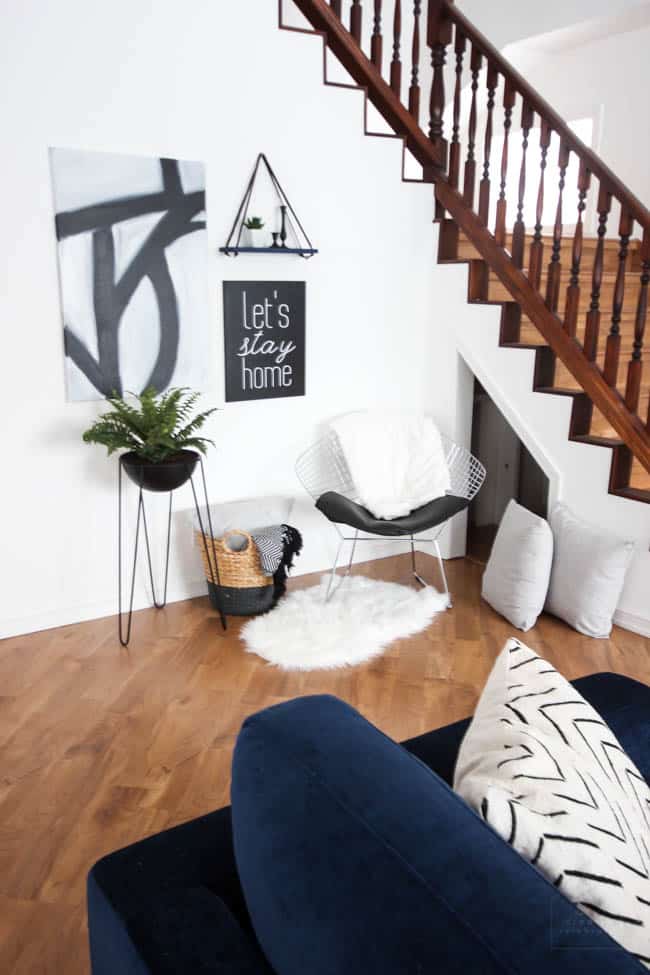 This gorgeous Modern Living Room reveal is finally here! This space came a long way from an outdated, empty space in this beautiful barn home. Love all of the contemporary DIY and decor ideas in this beautiful living space! The tiled fireplace and blue couch are stunning!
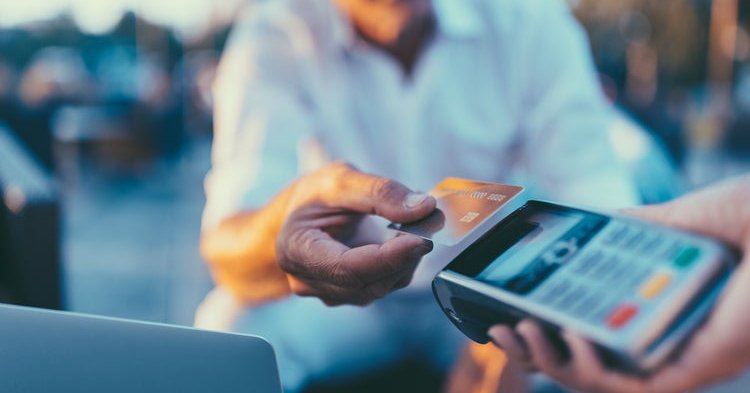 A man holding his credit card over a card payment reader.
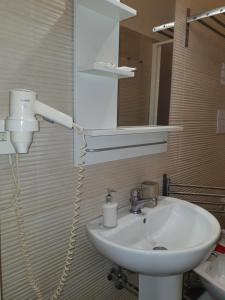 Bagno di 4Rooms Guest House Free Wi-Fi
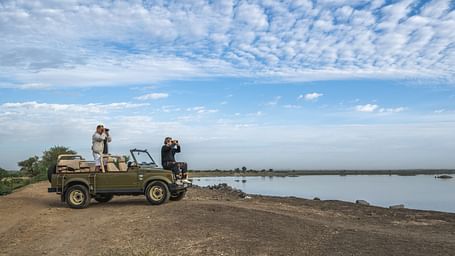 People stand in a vehicle, observing a waterside landscape under a partly cloudy sky - image provided by Fort Barli, Ajmer.
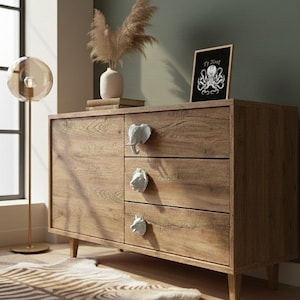 Puede incluir: Un aparador de madera con tres cajones y una puerta, con tiradores en forma de animales. El aparador está coronado con un jarrón de flores secas y una ilustración enmarcada. Una alfombra con estampado de cebra está en el suelo.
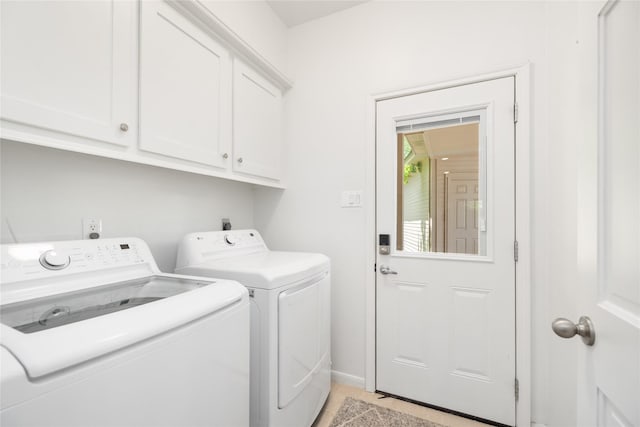 12915 Lake Mist Dr, Cypress, TX 77429 - clothes washing area with washer and dryer, cabinet space, light tile patterned floors, and baseboards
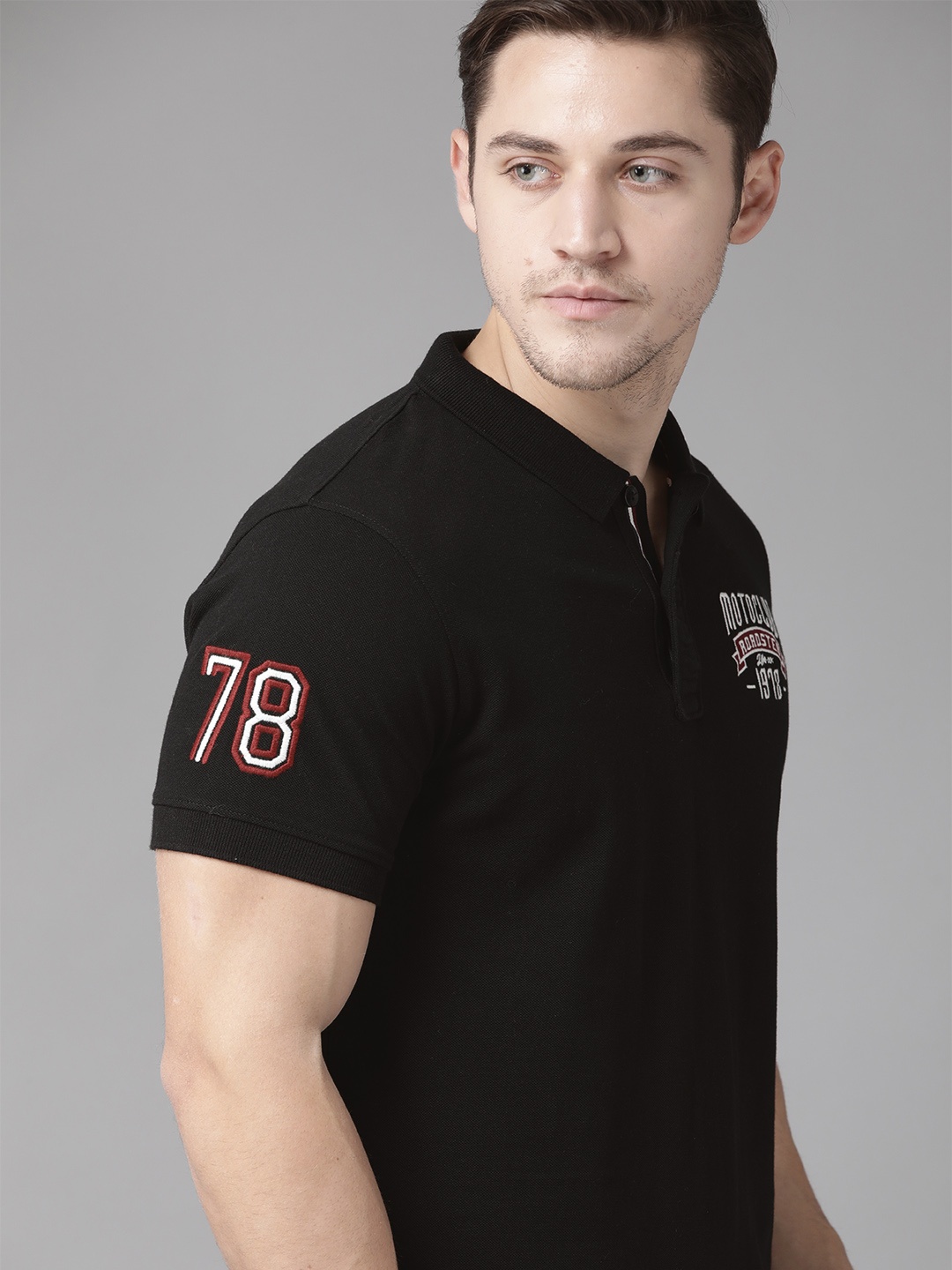 

Roadster Men Black Solid Polo Collar T-shirt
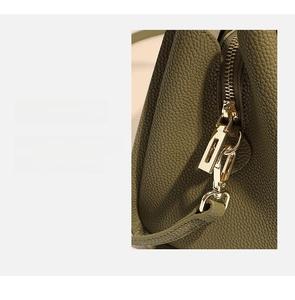 Close-up of green lychee leather texture and golden metal lobster clasp hardware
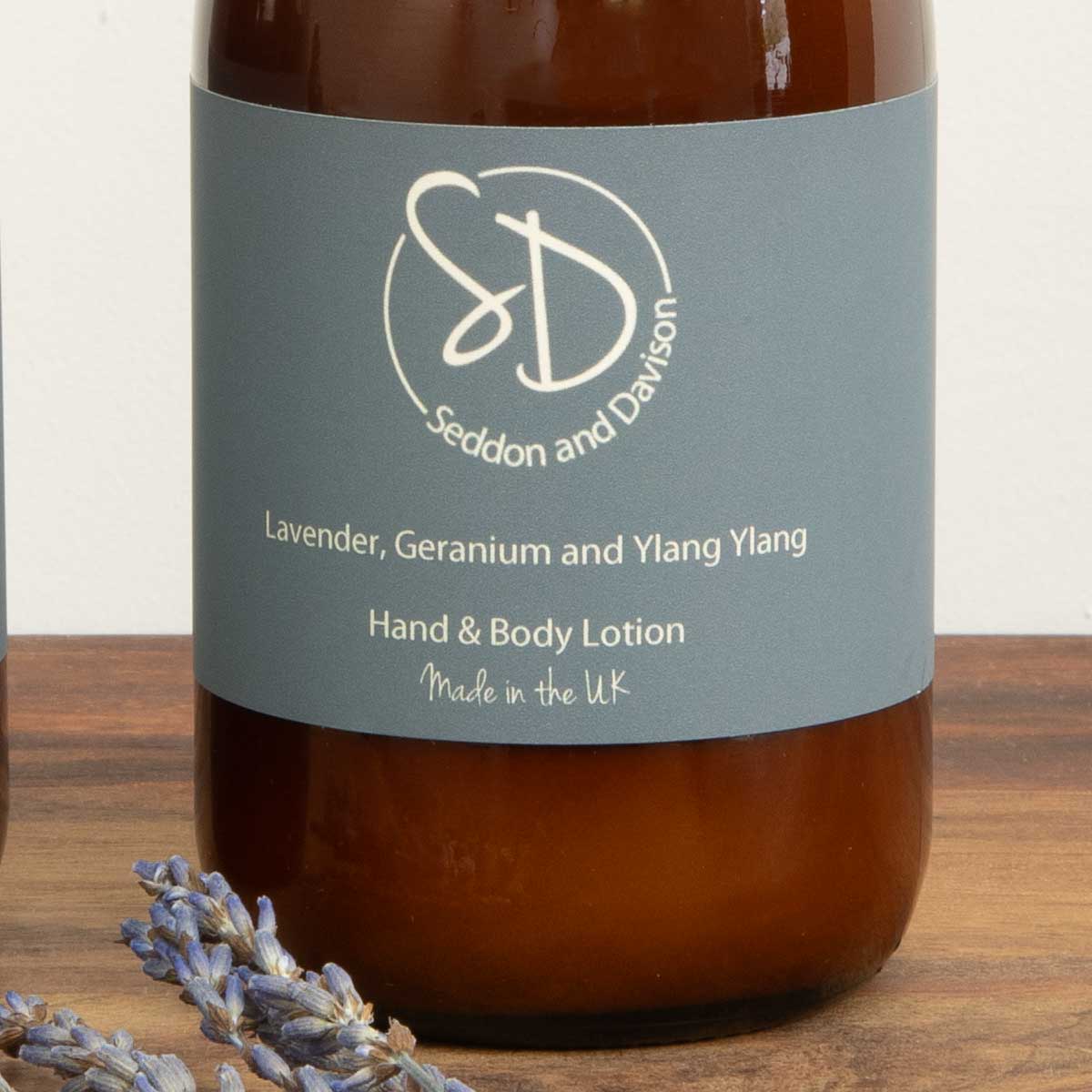 Amber Glass Hand and Body Lotion  - Lavender, Geranium and Ylang Ylang by Seddon and Davison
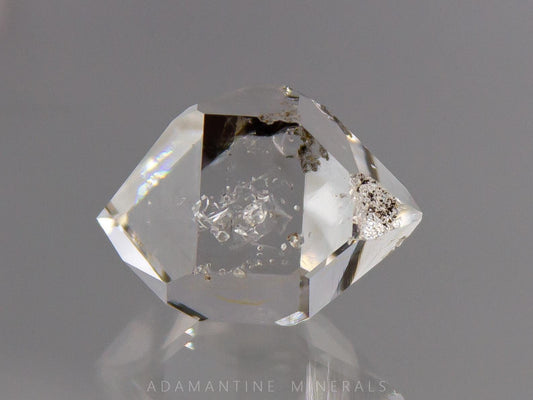 Water clear Herkimer Diamond quartz crystal with natural flat faces and excellent clarity. This raw mineral specimen has double terminations and small internal inclusions/negative crystals. Multifaceted shape makes it ideal for jewelry making or wire wrapping. 
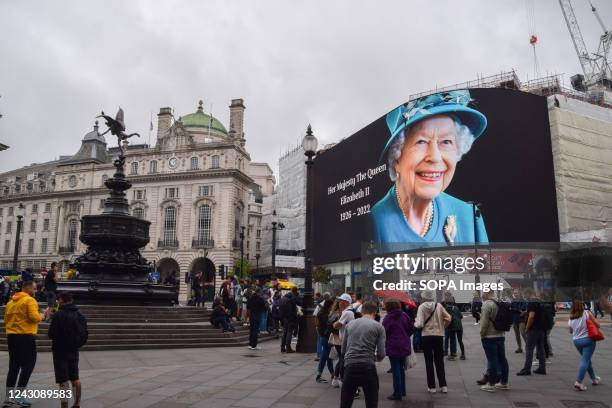 Piccadilly Lights in Piccadilly Circus displays a tribute as Queen Elizabeth II dies, aged 96.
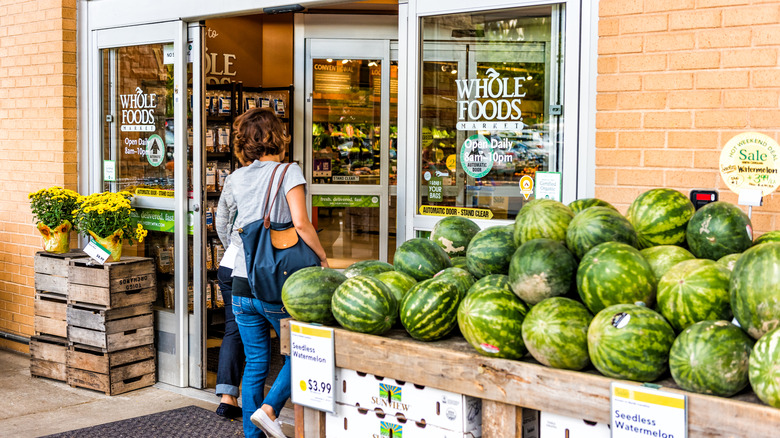 Person walking into Whole Foods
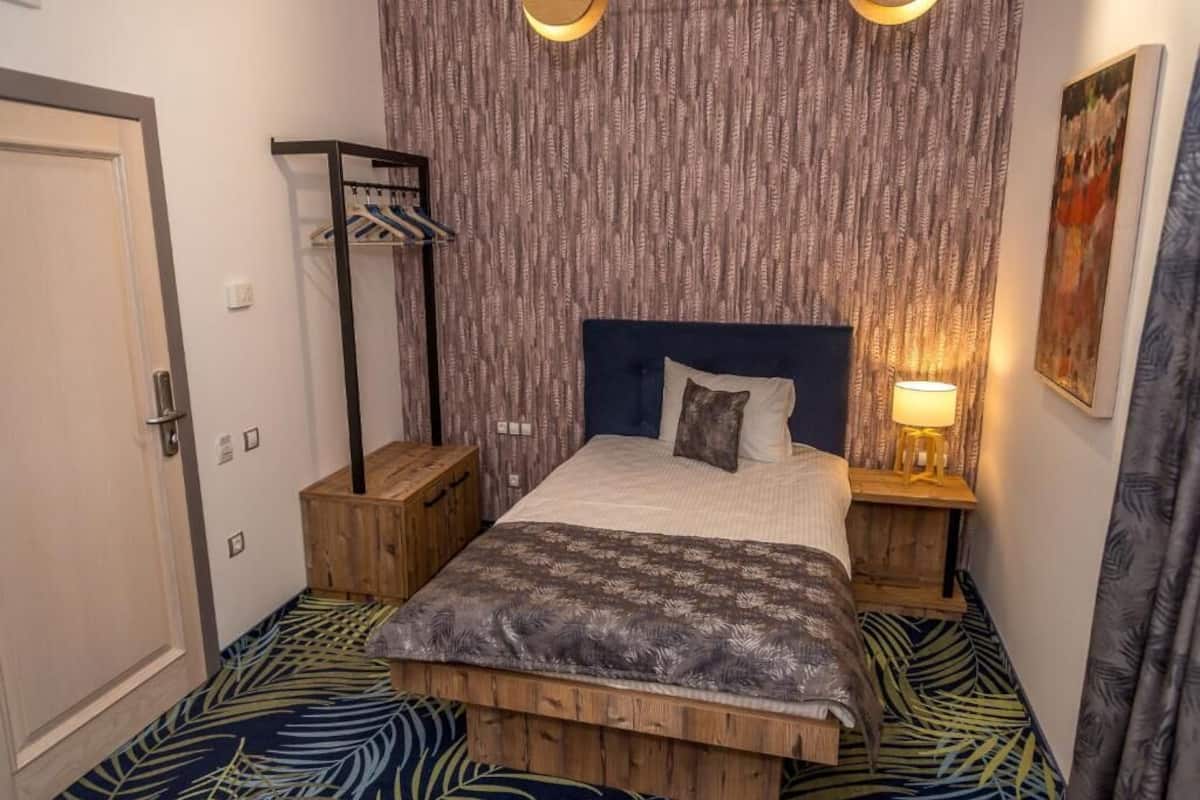 A bedroom with a bed, wooden nightstands, a wardrobe, and a patterned floor.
-- -- --
Try it:
Using the entries above, repeat exactly the lines from the one with "12915 Lake Mist" to the one with "Amber Glass Hand", both included, and leave the pictures behind.

Exercise solution:
 12915 Lake Mist Dr, Cypress, TX 77429 - clothes washing area with washer and dryer, cabinet space, light tile patterned floors, and baseboards

Roadster Men Black Solid Polo Collar T-shirt
 Close-up of green lychee leather texture and golden metal lobster clasp hardware
 Amber Glass Hand and Body Lotion  - Lavender, Geranium and Ylang Ylang by Seddon and Davison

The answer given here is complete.